Alguns dizem que tais crimes não estariam tipificados, pois haveria necessidade de uma nova lei, mais específica. Outros alegam que bastaria aplicar o Código Penal, nos casos em que não há distinção quanto ao meio pelo qual o ilícito é praticado, já que a Internet é apenas um cenário eletrônico e não implica qualquer diferença. Outros ainda argumentam que como a Internet é global, faltaria um tratado internacional. Qual seria a solução diante destas discussões?

Inicialmente, cumpre distinguir que alguns crimes já são tipificados pela lei penal não distinguindo qual seria o meio utilizado para a sua consumação. Por exemplo: difamar alguém. Preceitua o art. 139 do Código Penal. “Difamar alguém, imputando-lhe fato ofensivo à reputação – Detenção, de três meses a 1 (um) ano e multa”.

Como se vê, embora o nosso Código tenha sido elaborado em uma época muito distante da Internet, o legislador não criou óbices para tipificação de uma prática realizada pelo mundo virtual. Estes são os chamados crimes virtuais impuros. Nestes casos, bastaria aplicar a legislação penal atual.

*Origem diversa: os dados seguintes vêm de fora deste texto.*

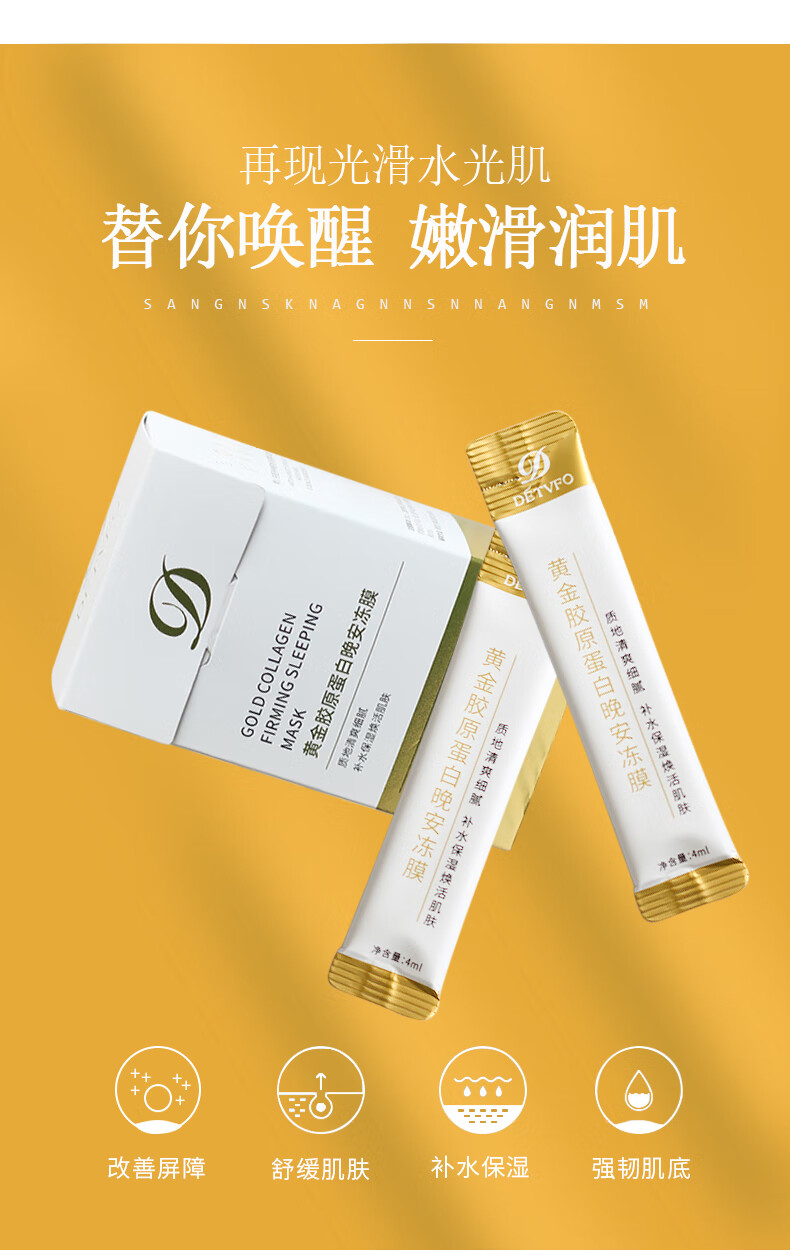 德德维芙（DETVFO）睡眠面膜晚安补水免洗抗皱熬夜涂抹式提拉紧致提亮肤色4ml*20袋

Quais seriam os limites de aplicação do Código Penal? Devemos refletir que a grande maioria das nossas leis foram escritas para lidar com bens corpóreos, portanto, muitos ilícitos que são praticados pela Internet estão relacionados com bens incorpóreos (dados, informação), como acesso não autorizado a banco de dados, alterações de informações em banco de dados, invasões de sites e a disseminação de vírus. Estes são chamados os crimes virtuais puros.

Embora alguns entendam que seja possível tipificar os crimes virtuais puros na figura de outros considerados impuros, como a violação de correspondência, usurpação de propriedade intellectual e o crime de dano, é de se considerar que estes tipos necessariamente foram criados originariamente para se relacionarem com bens tangíveis. Daí, existe uma certa dificuldade para aplicá-los aos ilícitos virtuais. Urge a aprovação dos projetos de lei onde estão previstos estes novos tipos penais de modo a minimizar os problemas relacionados com as transações on line.

Os maiores problemas verificados atualmente são: as ameaças e vulnerabilidades que colocam em risco a confidencialidade e a privacidade (proteção contra acessos indevidos e vazamentos de dados); integridade (proteção contra alterações indevidas e fraudes); disponibilidade (garantia de acesso) e autenticidade (identificação do perfil do agente que praticou algum acesso eletrônico).

Embora alguns juristas sustentem ser necessário um tratado internacional para a completa harmonização dos crimes virtuais em vários países, é de se lembrar que o Brasil adota o princípio da ubiqüidade (art. 5o. do CP), segundo a qual se aplica a lei brasileira sempre que alguma parte de um ilícito penal haja sido cometida no território brasileiro, sendo desnecessário que o crime ou contravenção tenham sido integralmente praticados no Brasil.

Fica afastado, portanto, o antigo conceito de que a Internet é uma zona sem lei e o desconhecimento das normas aplicável não irá absolver ninguém.

* Alexandre Rodrigues Atheniense, 35 anos, é advogado sócio da Aristoteles Atheniense Advogados em Belo Horizonte, onde atua nas áreas de Direito Comercial, Direito da Informática e Cível perante a 1ªInstância e Tribunais. É diretor de Informática, membro da Comissão de Direito à Informação e conselheiro Estadual da OAB/MG. Foi professor de Direito Comercial na PUC-MG e na UNA, em Belo Horizonte. Participa como conferencista de diversos eventos no Brasil e exterior, com especialidade em Direito da Informática e Informática Jurídica, sendo autor de trabalhos premiados nessa área e já publicados em várias revistas especializadas.